> Task item
Copy every record verbatim. Leave the pictures out.

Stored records
###

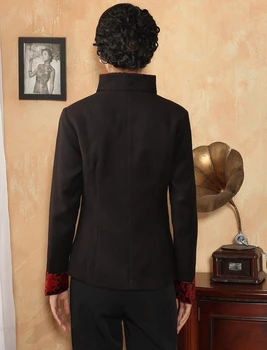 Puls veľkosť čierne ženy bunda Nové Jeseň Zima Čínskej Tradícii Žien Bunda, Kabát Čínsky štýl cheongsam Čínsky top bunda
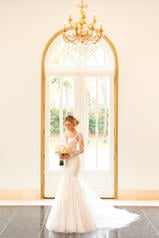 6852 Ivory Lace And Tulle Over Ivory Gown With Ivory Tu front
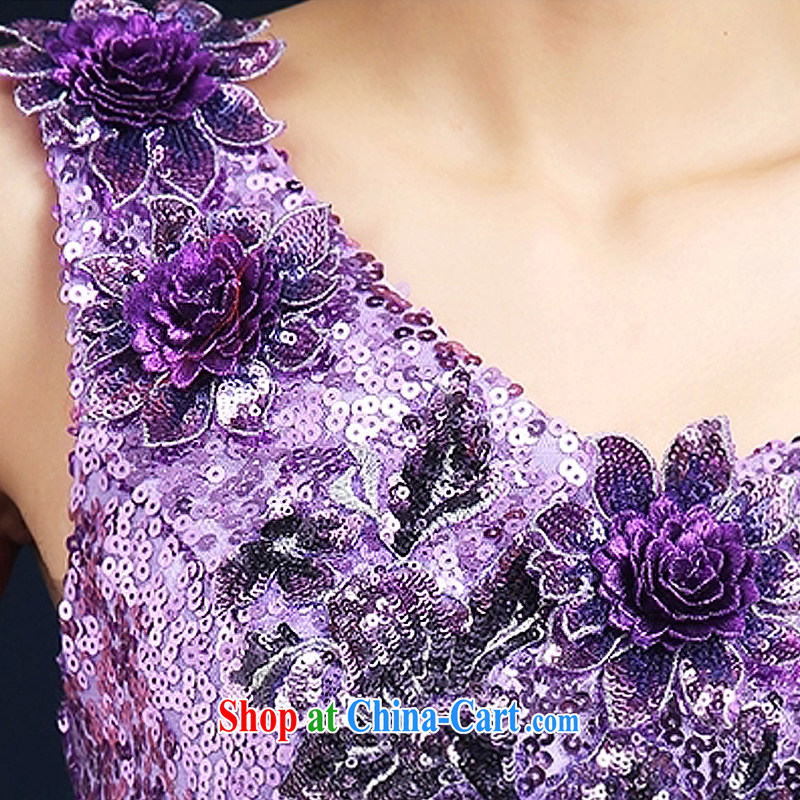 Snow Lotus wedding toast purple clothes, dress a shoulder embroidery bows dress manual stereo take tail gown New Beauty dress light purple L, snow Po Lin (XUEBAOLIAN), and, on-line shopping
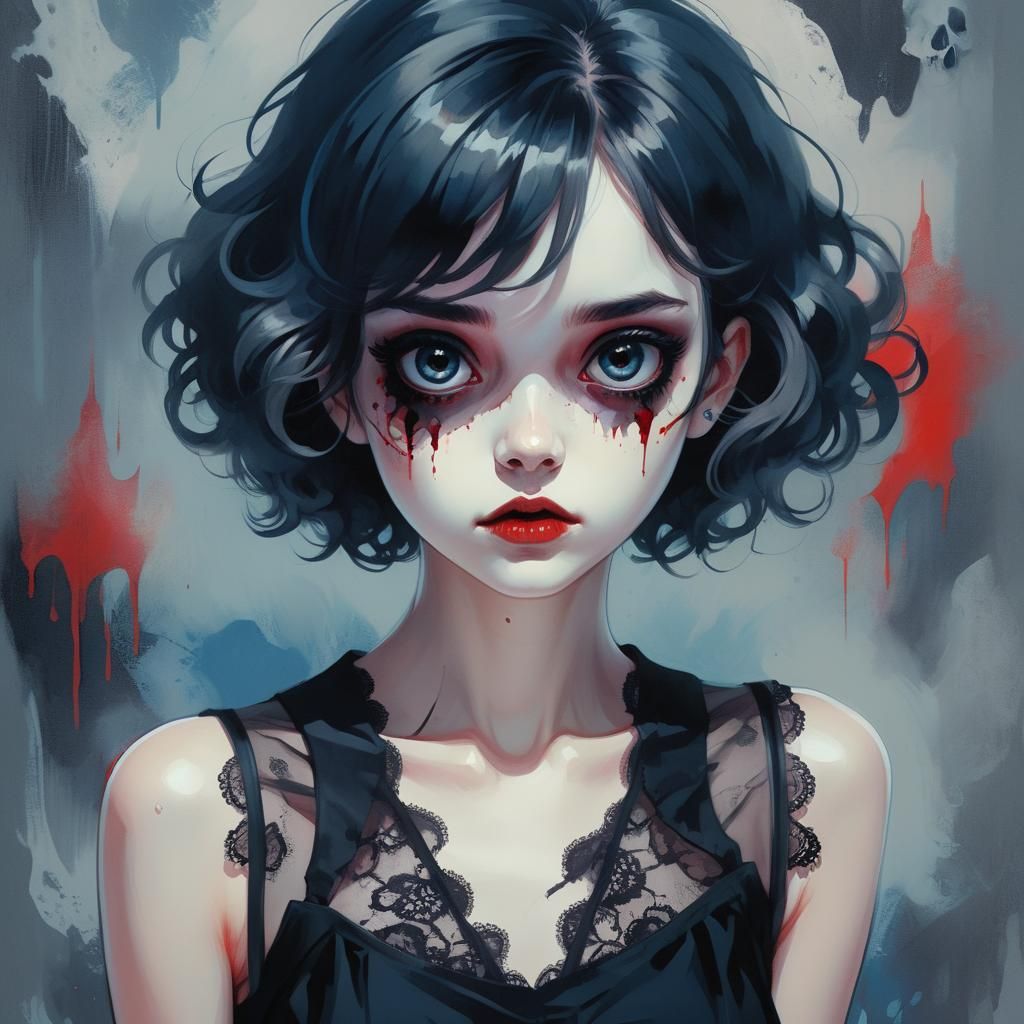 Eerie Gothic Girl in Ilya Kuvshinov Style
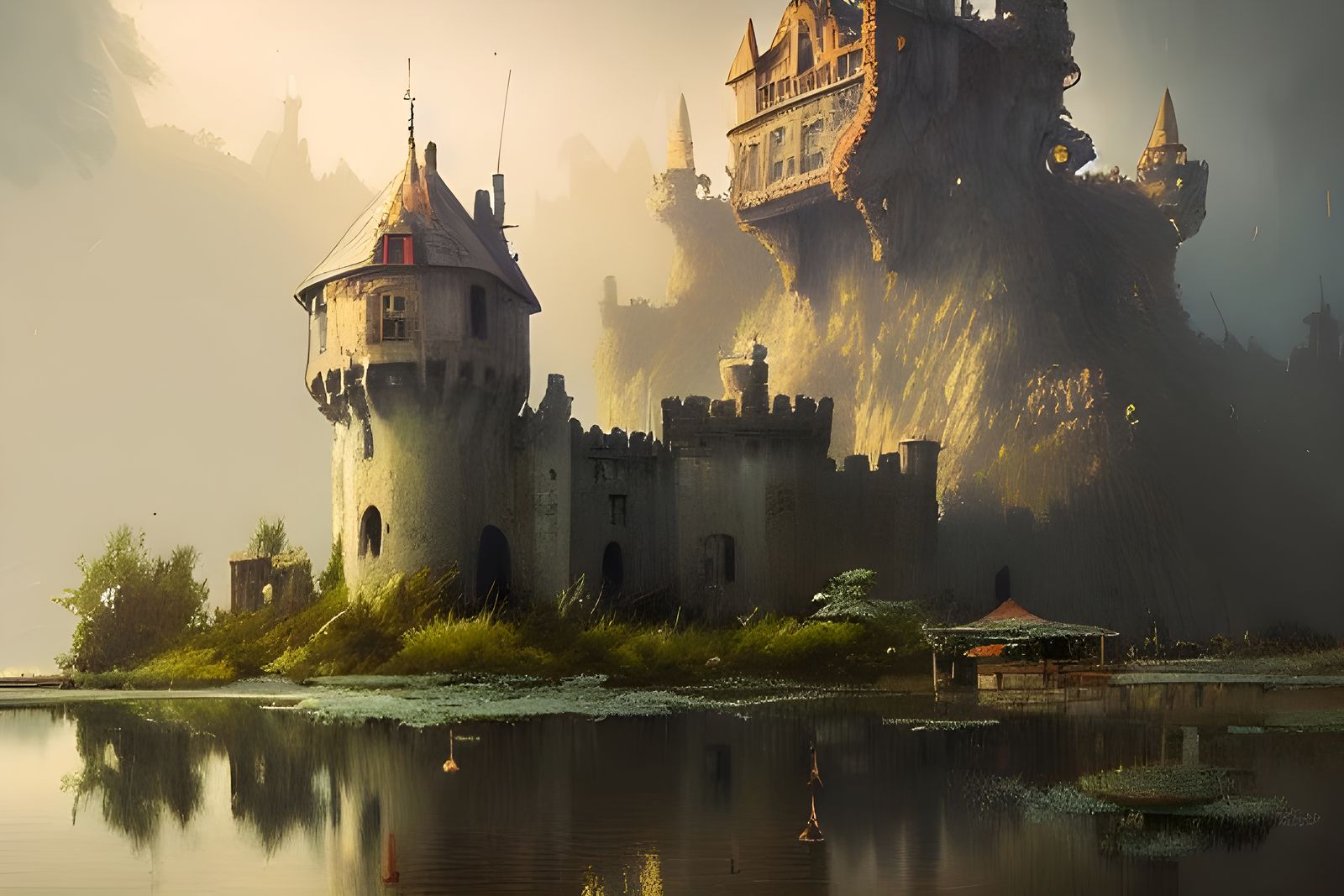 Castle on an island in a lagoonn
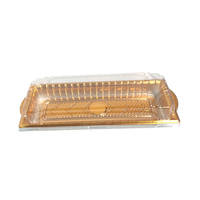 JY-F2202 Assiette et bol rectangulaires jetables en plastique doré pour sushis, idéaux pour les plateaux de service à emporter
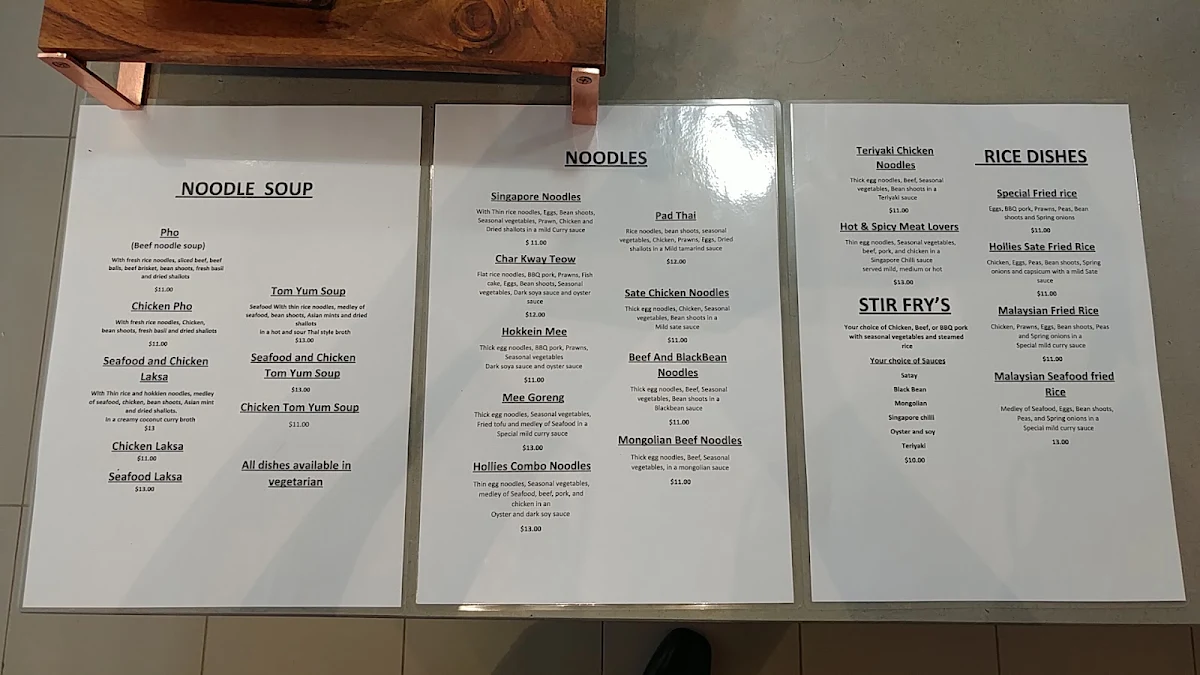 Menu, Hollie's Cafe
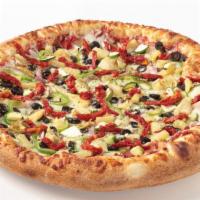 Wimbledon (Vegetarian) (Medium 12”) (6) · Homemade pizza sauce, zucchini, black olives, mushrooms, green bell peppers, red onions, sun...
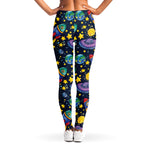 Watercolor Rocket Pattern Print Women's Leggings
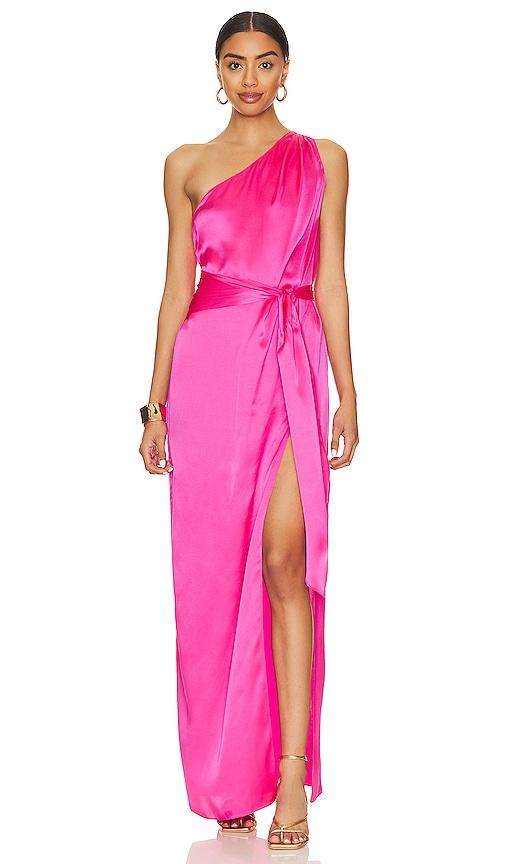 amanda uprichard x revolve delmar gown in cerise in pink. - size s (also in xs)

###

> Your response
 Puls veľkosť čierne ženy bunda Nové Jeseň Zima Čínskej Tradícii Žien Bunda, Kabát Čínsky štýl cheongsam Čínsky top bunda
 6852 Ivory Lace And Tulle Over Ivory Gown With Ivory Tu front
 Snow Lotus wedding toast purple clothes, dress a shoulder embroidery bows dress manual stereo take tail gown New Beauty dress light purple L, snow Po Lin (XUEBAOLIAN), and, on-line shopping
 Eerie Gothic Girl in Ilya Kuvshinov Style
 Castle on an island in a lagoonn
 JY-F2202 Assiette et bol rectangulaires jetables en plastique doré pour sushis, idéaux pour les plateaux de service à emporter
 Menu, Hollie's Cafe
 Wimbledon (Vegetarian) (Medium 12”) (6) · Homemade pizza sauce, zucchini, black olives, mushrooms, green bell peppers, red onions, sun...
 Watercolor Rocket Pattern Print Women's Leggings
 amanda uprichard x revolve delmar gown in cerise in pink. - size s (also in xs)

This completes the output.